Your task. From the entries below, print exactly the span beginning with the line holding "The answer is" and ending with the line holding "Everything you need", endpoints included, and skip any pictures.

### Records provided ###

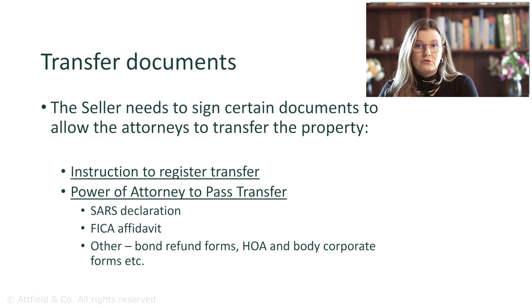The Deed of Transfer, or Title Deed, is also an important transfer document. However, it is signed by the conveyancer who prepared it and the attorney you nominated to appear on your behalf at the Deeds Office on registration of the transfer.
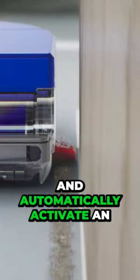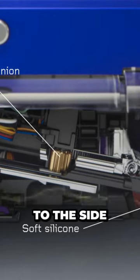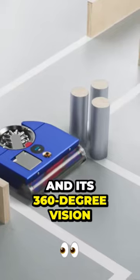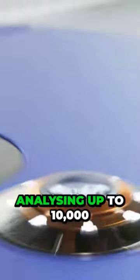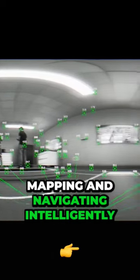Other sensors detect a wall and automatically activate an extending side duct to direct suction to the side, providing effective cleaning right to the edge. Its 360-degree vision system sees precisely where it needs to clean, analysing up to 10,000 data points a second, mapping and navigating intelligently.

###
### Records provided ###

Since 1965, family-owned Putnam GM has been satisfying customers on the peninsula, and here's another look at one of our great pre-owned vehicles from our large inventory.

###
### Records provided ###

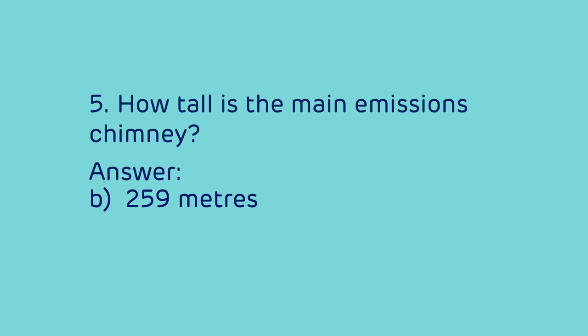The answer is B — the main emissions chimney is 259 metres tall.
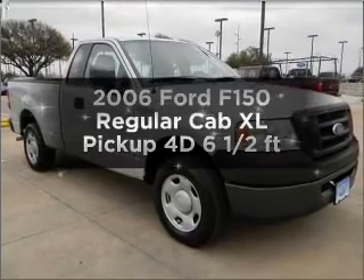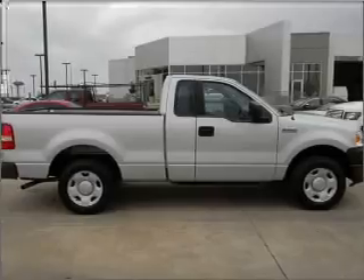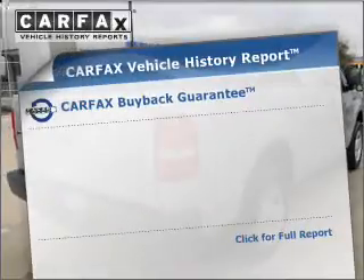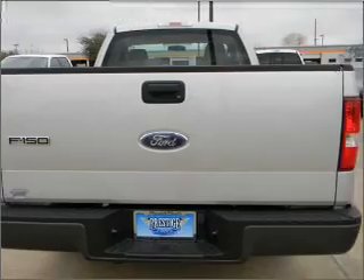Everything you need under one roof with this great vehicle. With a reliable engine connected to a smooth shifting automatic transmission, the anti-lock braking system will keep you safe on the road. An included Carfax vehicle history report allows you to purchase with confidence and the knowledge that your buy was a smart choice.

###

Solution below.
The answer is B — the main emissions chimney is 259 metres tall.
Everything you need under one roof with this great vehicle. With a reliable engine connected to a smooth shifting automatic transmission, the anti-lock braking system will keep you safe on the road. An included Carfax vehicle history report allows you to purchase with confidence and the knowledge that your buy was a smart choice.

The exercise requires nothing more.